As for the gender breakdown:
There are 15 first-billed characters (counting as single the characters played by multiple actors). One of those characters is a robot and has a male voice, but I’ll take that number down to 13. Of those 13, 2 characters are female (played by two actresses each). So when you look at the raw numbers, this film is typical for Hollywood in its gender balance.
I’m not sure whether this is good news or not (I might just be used to the imbalance), but this cast felt like quite a balanced ensemble as I was watching. This is partly because the two main female characters have agency. Both are super smart and dedicated to their jobs and we don’t have any bullshit backstory in which they’re torn between their jobs and their families — in fact, that particular dilemma is reserved for the main male character, and that’s refreshing. In contrast, Sandra Bullock’s character in Gravity had a backstory which involved her family, I guess because it was thought a female astronaut without a sob story would not be sufficiently relatable for audiences who are used to women as caregivers. The women in this story do not have children that define them. This felt great.
That said, I am detecting that we’re in the age of The Hermione Trope, in which girl characters work behind the scenes as ‘secret protagonists’, working out complex problems for the male characters who get their hands dirty on the fictional battlefield, whatever form that might take.
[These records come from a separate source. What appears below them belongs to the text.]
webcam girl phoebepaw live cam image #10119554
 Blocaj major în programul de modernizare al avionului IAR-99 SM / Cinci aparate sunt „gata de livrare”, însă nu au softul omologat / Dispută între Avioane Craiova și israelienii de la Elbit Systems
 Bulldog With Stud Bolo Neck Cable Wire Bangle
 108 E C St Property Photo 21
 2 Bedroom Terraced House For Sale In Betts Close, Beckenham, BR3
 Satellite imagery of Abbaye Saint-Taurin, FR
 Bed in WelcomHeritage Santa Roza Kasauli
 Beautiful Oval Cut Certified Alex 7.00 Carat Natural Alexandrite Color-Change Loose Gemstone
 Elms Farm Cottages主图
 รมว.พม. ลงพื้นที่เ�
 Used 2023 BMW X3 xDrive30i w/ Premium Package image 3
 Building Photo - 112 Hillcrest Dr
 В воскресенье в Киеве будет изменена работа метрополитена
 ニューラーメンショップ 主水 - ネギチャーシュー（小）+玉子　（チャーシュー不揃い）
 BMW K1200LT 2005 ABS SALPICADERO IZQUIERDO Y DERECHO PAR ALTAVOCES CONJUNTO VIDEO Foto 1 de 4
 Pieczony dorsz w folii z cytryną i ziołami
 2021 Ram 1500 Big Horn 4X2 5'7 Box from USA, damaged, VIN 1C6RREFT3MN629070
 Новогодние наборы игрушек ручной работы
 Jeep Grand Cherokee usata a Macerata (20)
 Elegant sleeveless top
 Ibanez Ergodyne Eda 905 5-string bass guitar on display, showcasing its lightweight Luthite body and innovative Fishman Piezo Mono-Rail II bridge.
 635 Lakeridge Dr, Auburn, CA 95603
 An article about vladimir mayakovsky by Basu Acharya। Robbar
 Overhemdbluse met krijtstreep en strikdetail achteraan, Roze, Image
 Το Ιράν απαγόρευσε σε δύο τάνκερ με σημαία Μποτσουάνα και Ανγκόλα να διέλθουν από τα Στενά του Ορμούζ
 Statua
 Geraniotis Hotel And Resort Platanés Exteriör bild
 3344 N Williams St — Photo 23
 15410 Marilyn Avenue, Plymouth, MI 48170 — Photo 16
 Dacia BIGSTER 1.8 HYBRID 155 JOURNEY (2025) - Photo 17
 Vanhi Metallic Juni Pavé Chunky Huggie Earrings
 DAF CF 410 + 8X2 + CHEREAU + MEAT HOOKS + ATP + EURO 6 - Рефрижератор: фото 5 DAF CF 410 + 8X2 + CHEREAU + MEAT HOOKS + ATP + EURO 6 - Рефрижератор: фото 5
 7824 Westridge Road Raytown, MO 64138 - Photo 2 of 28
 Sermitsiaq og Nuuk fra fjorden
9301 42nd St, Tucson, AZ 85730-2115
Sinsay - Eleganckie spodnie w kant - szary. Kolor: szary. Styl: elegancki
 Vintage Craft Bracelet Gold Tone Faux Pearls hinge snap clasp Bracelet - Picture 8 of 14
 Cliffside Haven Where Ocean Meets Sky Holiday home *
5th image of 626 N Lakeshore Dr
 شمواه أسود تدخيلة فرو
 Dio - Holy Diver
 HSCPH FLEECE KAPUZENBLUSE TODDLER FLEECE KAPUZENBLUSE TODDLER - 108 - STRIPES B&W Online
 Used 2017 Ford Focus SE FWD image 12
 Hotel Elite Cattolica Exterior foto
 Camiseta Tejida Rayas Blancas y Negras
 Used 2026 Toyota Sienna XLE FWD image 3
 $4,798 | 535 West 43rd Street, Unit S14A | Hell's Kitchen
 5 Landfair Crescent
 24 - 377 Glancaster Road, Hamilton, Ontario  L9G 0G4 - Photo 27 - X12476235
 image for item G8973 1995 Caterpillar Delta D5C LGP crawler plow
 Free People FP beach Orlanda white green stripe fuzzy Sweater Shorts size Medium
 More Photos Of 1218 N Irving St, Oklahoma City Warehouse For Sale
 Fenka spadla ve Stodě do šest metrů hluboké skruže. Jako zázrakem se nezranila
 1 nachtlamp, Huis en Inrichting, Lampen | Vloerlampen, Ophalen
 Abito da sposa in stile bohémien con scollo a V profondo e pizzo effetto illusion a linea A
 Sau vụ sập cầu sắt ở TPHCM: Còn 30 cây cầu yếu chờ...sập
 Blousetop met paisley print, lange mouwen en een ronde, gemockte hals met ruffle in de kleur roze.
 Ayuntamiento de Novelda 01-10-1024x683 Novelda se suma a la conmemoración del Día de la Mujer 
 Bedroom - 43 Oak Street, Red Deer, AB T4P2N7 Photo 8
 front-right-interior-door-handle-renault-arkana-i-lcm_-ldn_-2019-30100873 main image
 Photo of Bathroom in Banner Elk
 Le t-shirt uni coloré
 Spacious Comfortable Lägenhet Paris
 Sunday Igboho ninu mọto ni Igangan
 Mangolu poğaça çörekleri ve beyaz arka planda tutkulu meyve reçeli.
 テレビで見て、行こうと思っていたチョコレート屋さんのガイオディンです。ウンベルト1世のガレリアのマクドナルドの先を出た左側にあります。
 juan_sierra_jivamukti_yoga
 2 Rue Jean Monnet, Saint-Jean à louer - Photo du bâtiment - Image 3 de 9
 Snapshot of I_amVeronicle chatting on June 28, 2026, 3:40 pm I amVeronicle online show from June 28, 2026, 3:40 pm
I’d thought it applied mainly to family movies but I may have to revise that.
The frustrating thing is that we’re still not seeing many movies in which the female is the plain ole ‘protagonist’. Don’t forget that this film could just as easily have been about a woman cast in McConaughey’s role, with the young swots being male. That’s just not a story Hollywood is prepared to gamble on yet. From Peggy Olsen, Claire Underwood and Kima Greggs to the girls in Paranorman and Monster House, significant female characters are still not the main characters even when they have the brains. Perhaps this smart under-dog dynamic is thought to be more interesting. Perhaps such relationships do appeal most to female viewers, for whom it’s a certain kind of satisfying to see a woman under-appreciated and then triumph, despite the patriarchal world in which she lives. I’m still waiting for more stories in which fictional worlds of the future depict a social milieu in which women have achieved full agency, not that which comes out of the shadows, behind that of a man.
AND IS IT ANY GOOD?
Pretty fantastic! This was one of those films which stays with you for several days. High concept stories are hard to pull off 100% but all loose ends were tied up. Viewers would benefit from seeing it more than once. Part of the ending did run to cheese in my opinion. Interstallar reminds me of Contact only it is more complex, more frightening, more exciting. I wasn’t bored at any stage, despite the length of 169 minutes.
I’m looking forward to watching this with my daughter when she’s old enough to understand what’s going on. Commonsense Media recommends the film for ages 12 and up.
Pair with the book The Never-ending Days of Being Dead by Marcus Chown for some mind-bending astro stuff presented in readable fashion.